Set down each line of the data below exactly as it stands, dropping the pictures.

━━━ Extracted entries ━━━

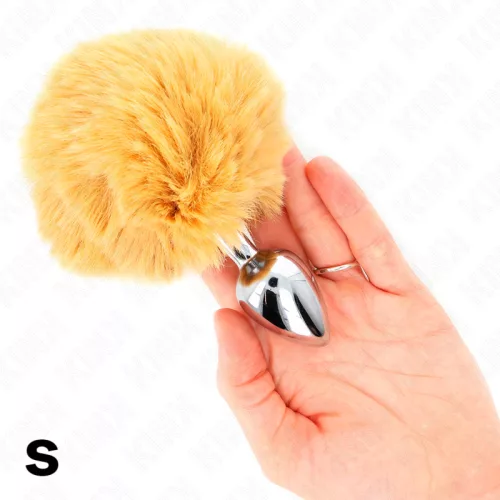 KINK – Rozsdamentes acél anál plug bézs nyuszi farokkal, 7 × 3 cm
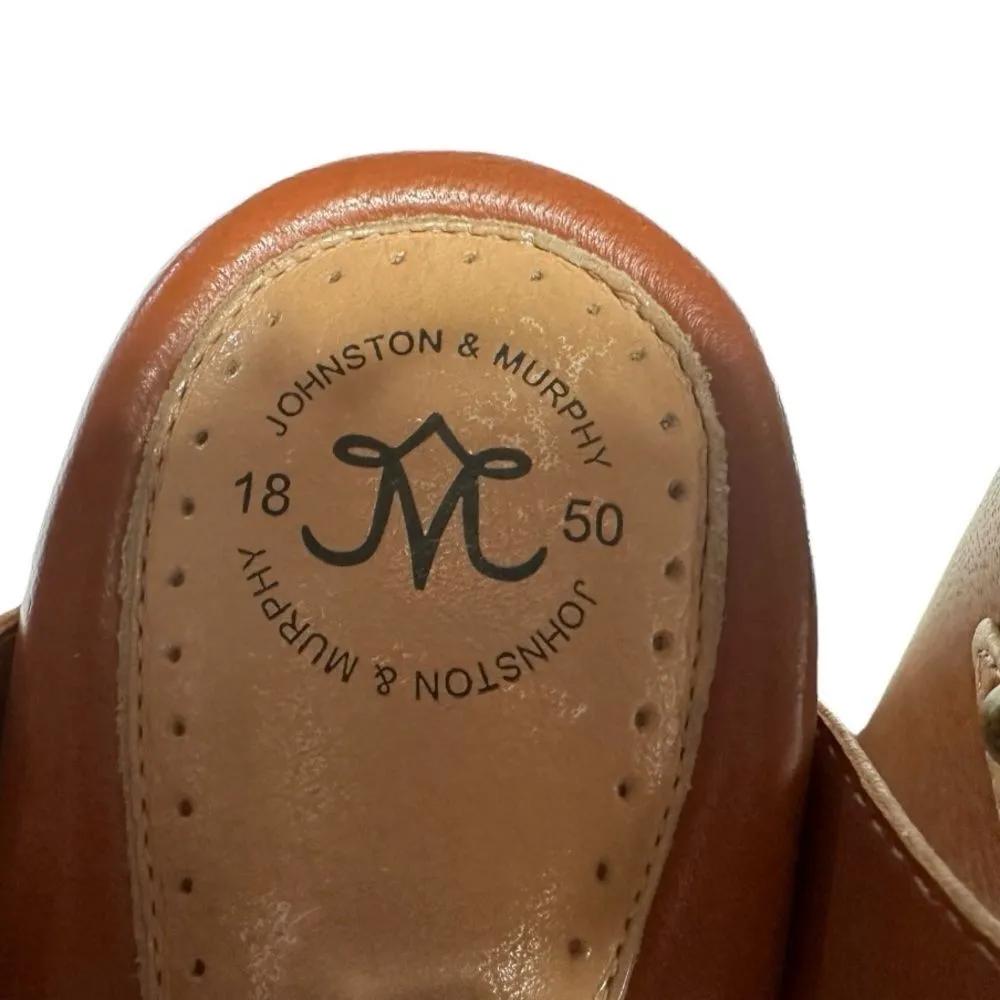 Johnston & Murphy Tan Wooden Heel Leather Platform Sandals size 10 - Image 9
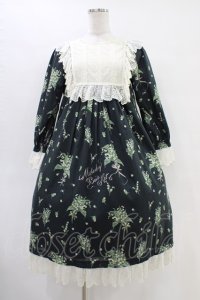 Melody BasKet / 谷間の姫百合ヨークワンピース  ブラック H-25-09-28-1011-LO-OP-KB-ZH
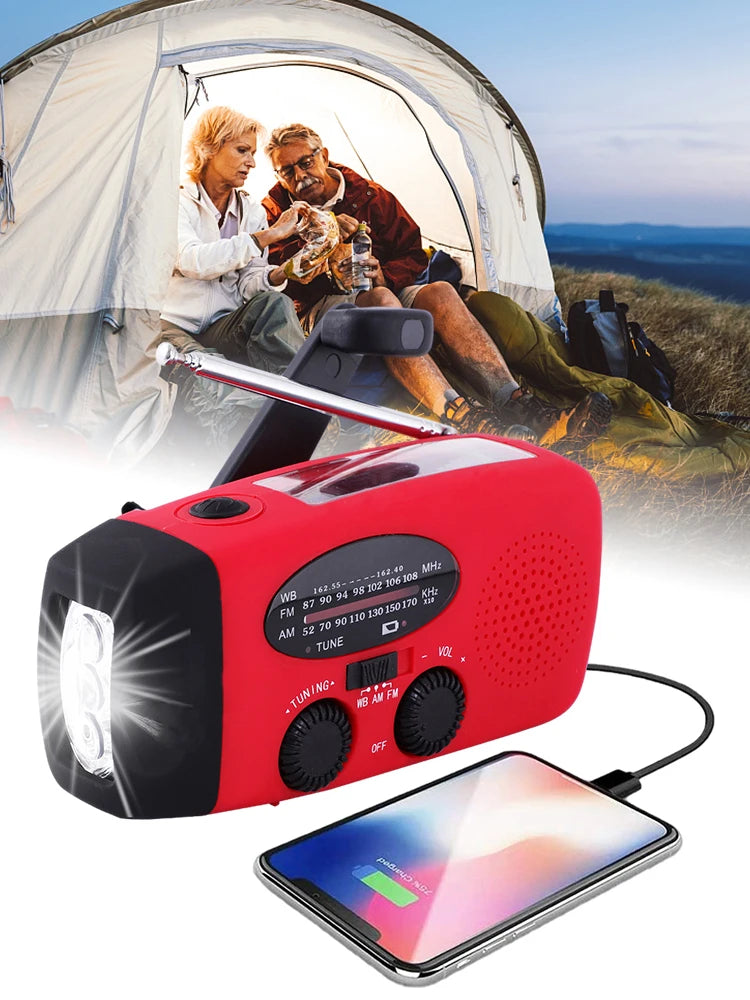 Hand Crank Multifunctional Solar Radio USB Charging Flashlight Power Bank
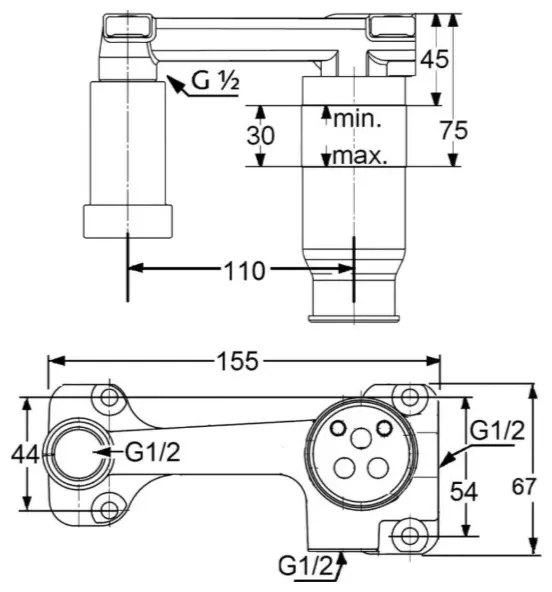 KLUDI скрытая часть смесителя для раковины Bozz 38243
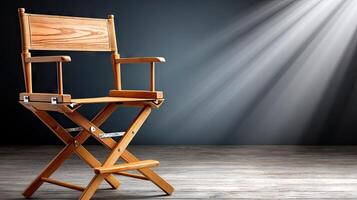 Director's chair with light shining through it photo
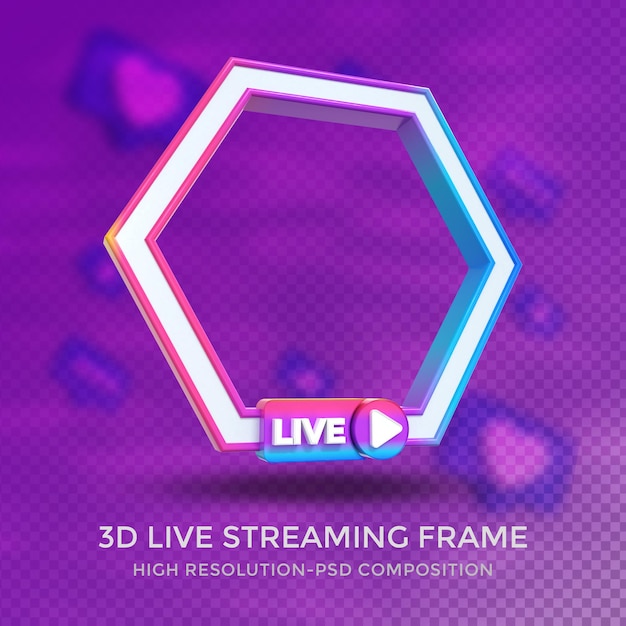 PSD polygonprofil 3d-rahmen für live-streaming in sozialen medien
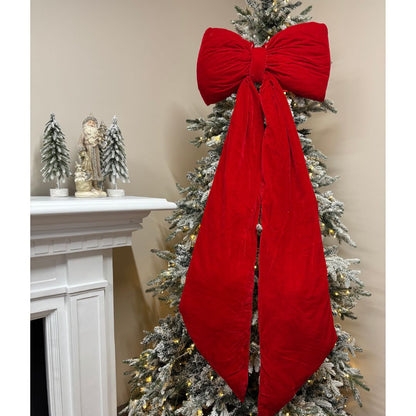 Oversized Velvet Bow Tree Topper with Long Tails - Red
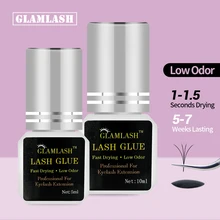 GLAMLASH 5/10ml 1 saniye hızlı kuru kirpik uzatma yapıştırıcı düşük koku yok simülasyon güçlü yanlış kirpik uzatma tutkal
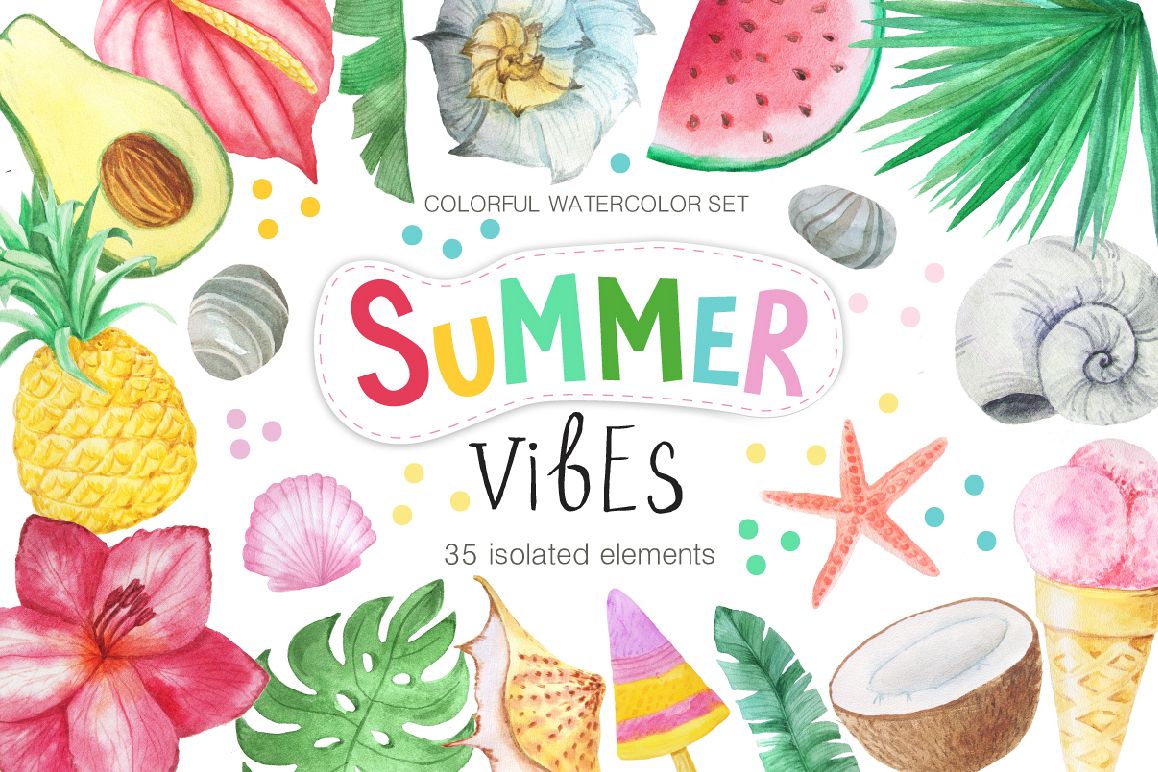 Watercolor Summer Vibes Set example image 1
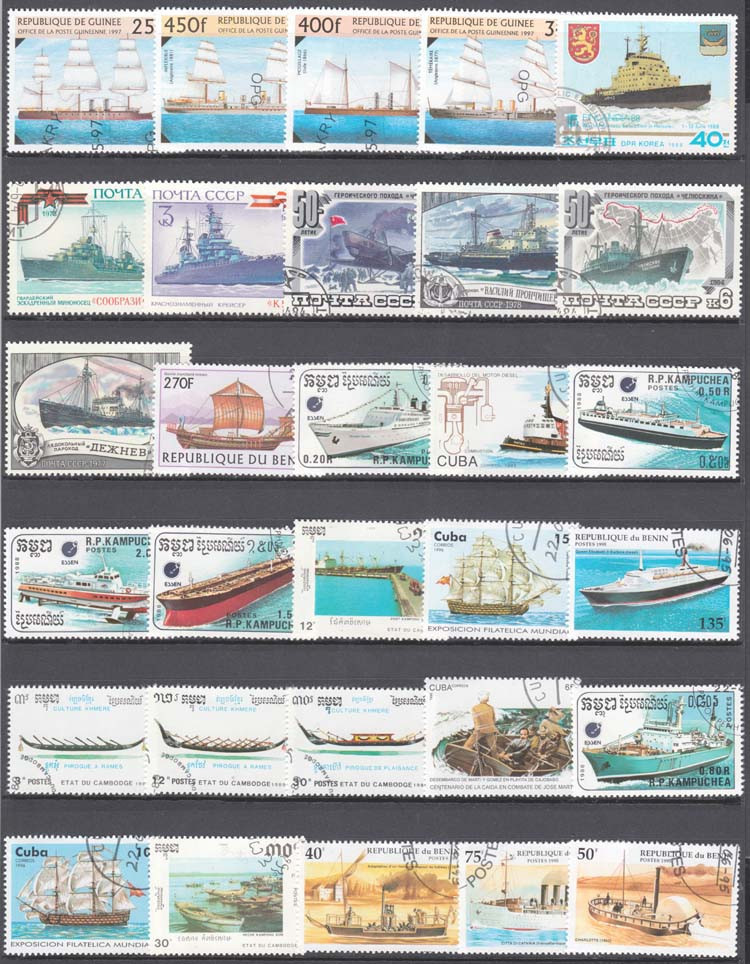 100 แสตมป์พิเศษเรือและเรือใบคอ - Collectible Vintage Postage Stamps บทวิจารณ์และราคา
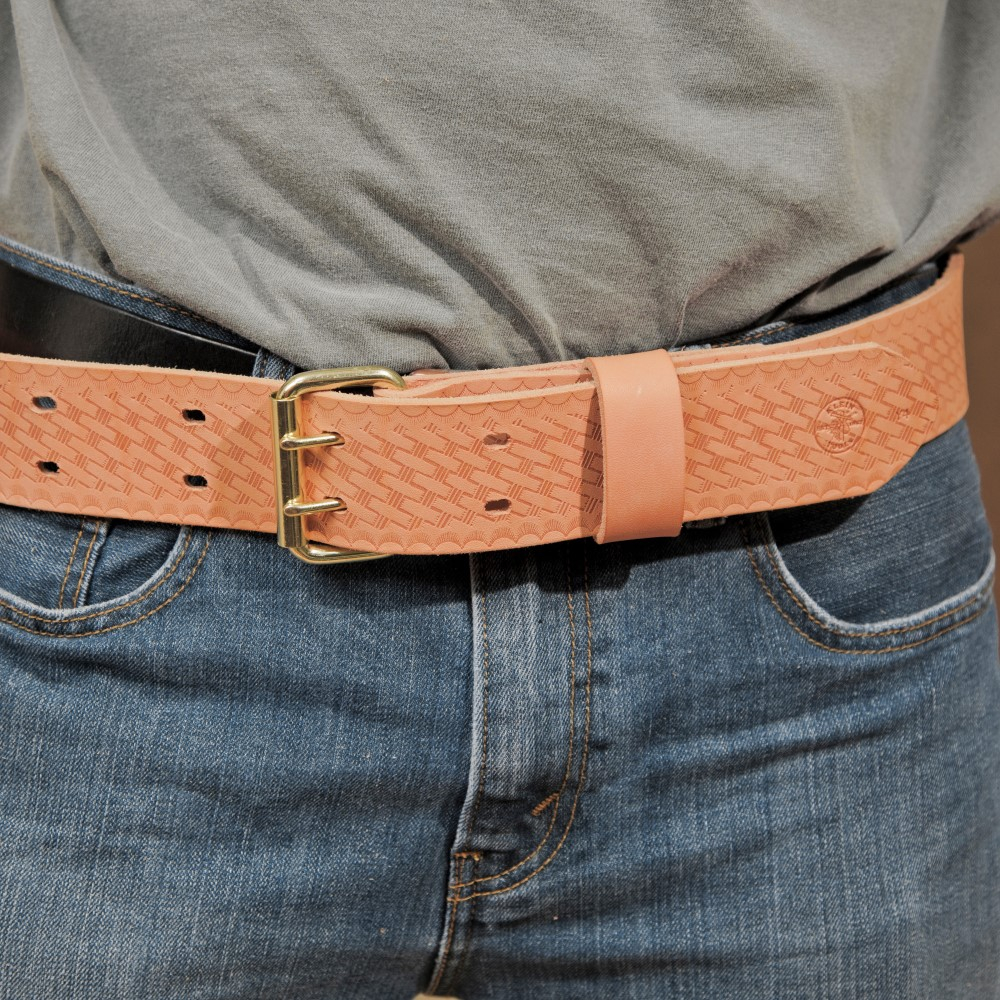 Heavy-Duty Embossed Leather Tool Belt Small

━━━

**Exercise output:**
 KINK – Rozsdamentes acél anál plug bézs nyuszi farokkal, 7 × 3 cm
 Johnston & Murphy Tan Wooden Heel Leather Platform Sandals size 10 - Image 9
 Melody BasKet / 谷間の姫百合ヨークワンピース  ブラック H-25-09-28-1011-LO-OP-KB-ZH
 Hand Crank Multifunctional Solar Radio USB Charging Flashlight Power Bank
 KLUDI скрытая часть смесителя для раковины Bozz 38243
 Director's chair with light shining through it photo
 PSD polygonprofil 3d-rahmen für live-streaming in sozialen medien
 Oversized Velvet Bow Tree Topper with Long Tails - Red
 GLAMLASH 5/10ml 1 saniye hızlı kuru kirpik uzatma yapıştırıcı düşük koku yok simülasyon güçlü yanlış kirpik uzatma tutkal
 Watercolor Summer Vibes Set example image 1
 100 แสตมป์พิเศษเรือและเรือใบคอ - Collectible Vintage Postage Stamps บทวิจารณ์และราคา
 Heavy-Duty Embossed Leather Tool Belt Small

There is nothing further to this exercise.